[AMRadio] Mic opinion (Jim Candela)
Jim Candela
jcandela at prodigy.net
Wed Jul 28 10:57:57 EDT 2021
On Tuesday, July 27, 2021, 11:34:19 AM CDT, Donald Chester <k4kyv at hotmail.com> wrote:
In mine, I circumvent that problem by interconnecting each of my audio units with 500/600 balanced line: the mic preamp, line amplifier, compressor/limiter and transmitter. Levels are adjusted using Daven attenuators appropriately inserted in the lines between units. The first stage of the mic pre-amp is designed so that the microphone output feeds it at optimum level, and the "mic gain" control is the attenuator between the mic pre-amp and the following line amplifier that also contains the selectable low-pass filter.

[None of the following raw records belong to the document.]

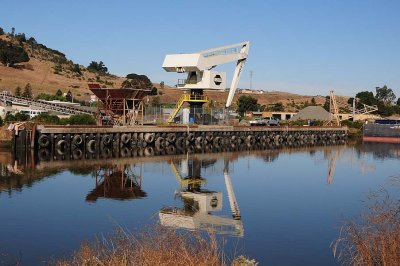 Not-So-Wild Crane Reflected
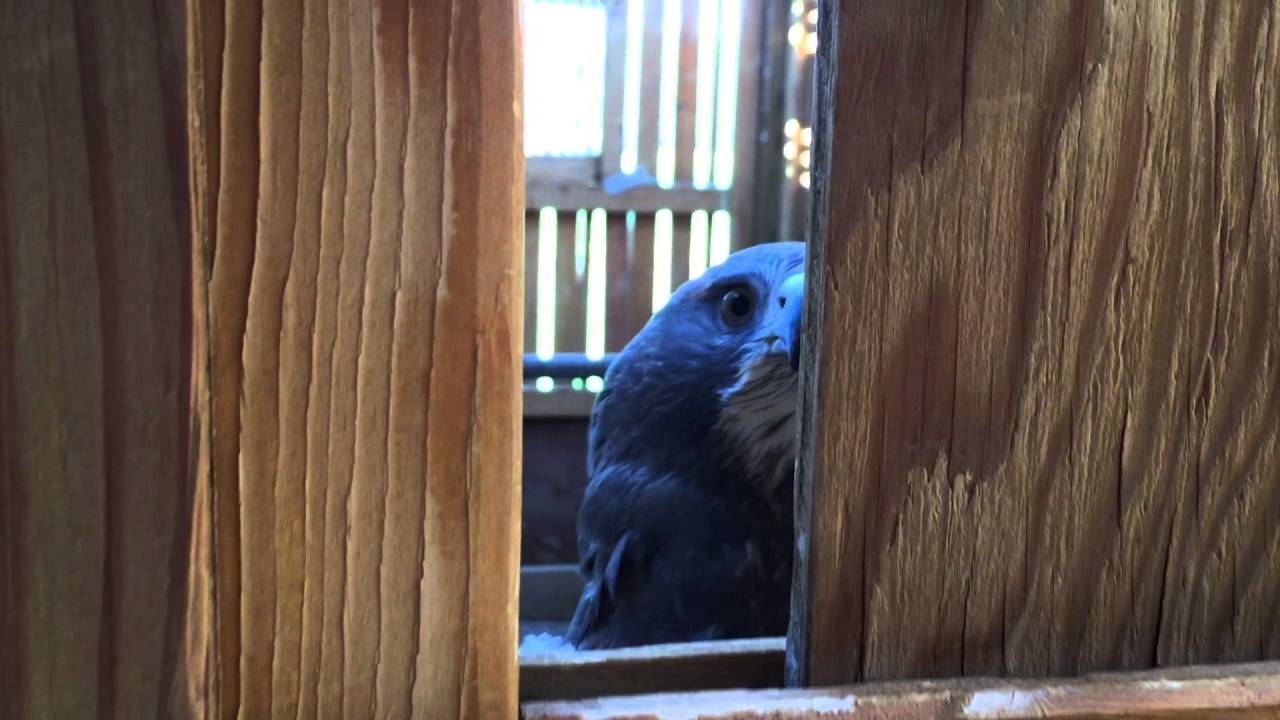 Swainson's Hawk Scream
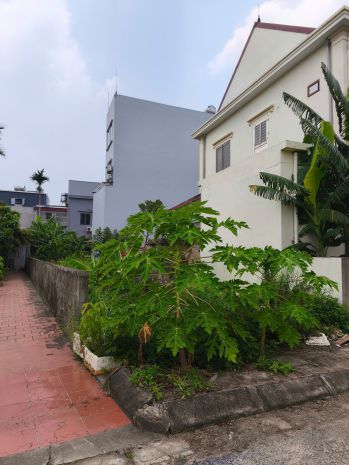 Bán lô đất mặt đường khu phân lô tđc nam hải, hải phòng 6736925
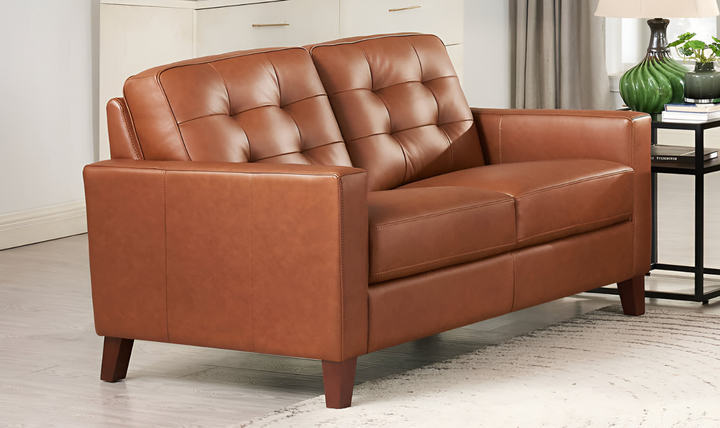 Aiden Leather Living Room Set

The signal in a multi-stage amplifier should never reach peaks high enough to drive the next stage control grid(s) into grid current, but the level at each stage should be high enough to render hum and noise negligible.
Another factor to consider with triode amplifiers is the Miller Effect. Essentially, the tube amplifies the effect of the grid-plate capacitance and effectively shunts this phantom capacitance across the input, thereby attenuating the high frequencies. It is less a problem with tetrode and pentode amplifiers because the grid-plate capacitance is minuscule in the first place.

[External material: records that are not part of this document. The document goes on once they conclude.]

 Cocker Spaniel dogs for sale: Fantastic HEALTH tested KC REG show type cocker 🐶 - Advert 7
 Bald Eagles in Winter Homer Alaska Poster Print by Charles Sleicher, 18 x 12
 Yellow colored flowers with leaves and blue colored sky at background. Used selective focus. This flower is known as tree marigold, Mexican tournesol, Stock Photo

There is scant mention of this in the amateur radio handbooks, but it is given more attention in guitar amplifier and audiophile circles. (Remember, ham radio audio is "supposed" to sound scratchy and distorted, with limited high and low frequency response.)
https://www.aikenamps.com/index.php/what-is-miller-capacitance
______________________________________________________________
Don, that is a good description that I was alluding to.

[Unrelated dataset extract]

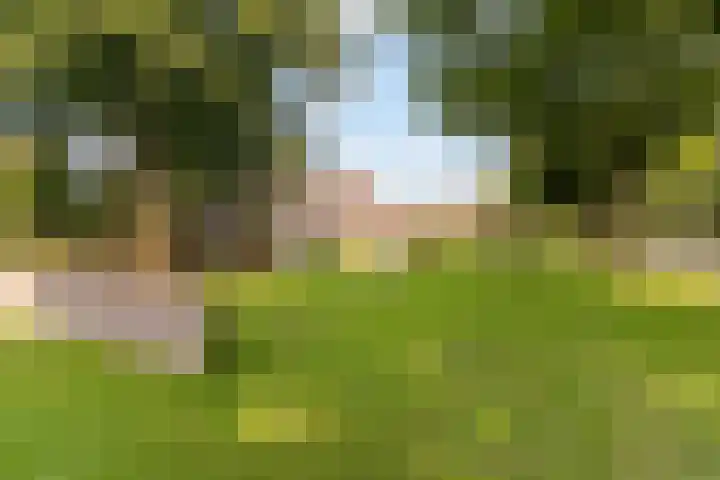 Beverakker 16 Houten thumbnail 72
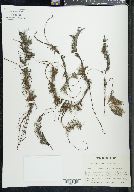 Myriophyllum laxum image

I have seen several vintage circuits that use a high mu triode with the cathode grounded, and a grid resistor around 4.7 meg ohms. This configuration provides some level of contact bias, and a low level of grid current flows all the time, and the amount will vary moment to moment due to the audio swing. Examples of this is the Gonset G76 2nd audio stage, and the Mosley CM1 receiver audio driver stage. In both cases, there is a loading issue on the prior stage that is influenced by the volume control position. A simple switch to cathode bias might be helpful. I've some cases using just a red LED unbypassed as a cathode bias source to provide about 1.2v bias. In the CM1, I replaced the plate load resistor with a FET based CCS set to 500ua, and the output signal swing is more even around the center +/-...I still want to try the LED bias.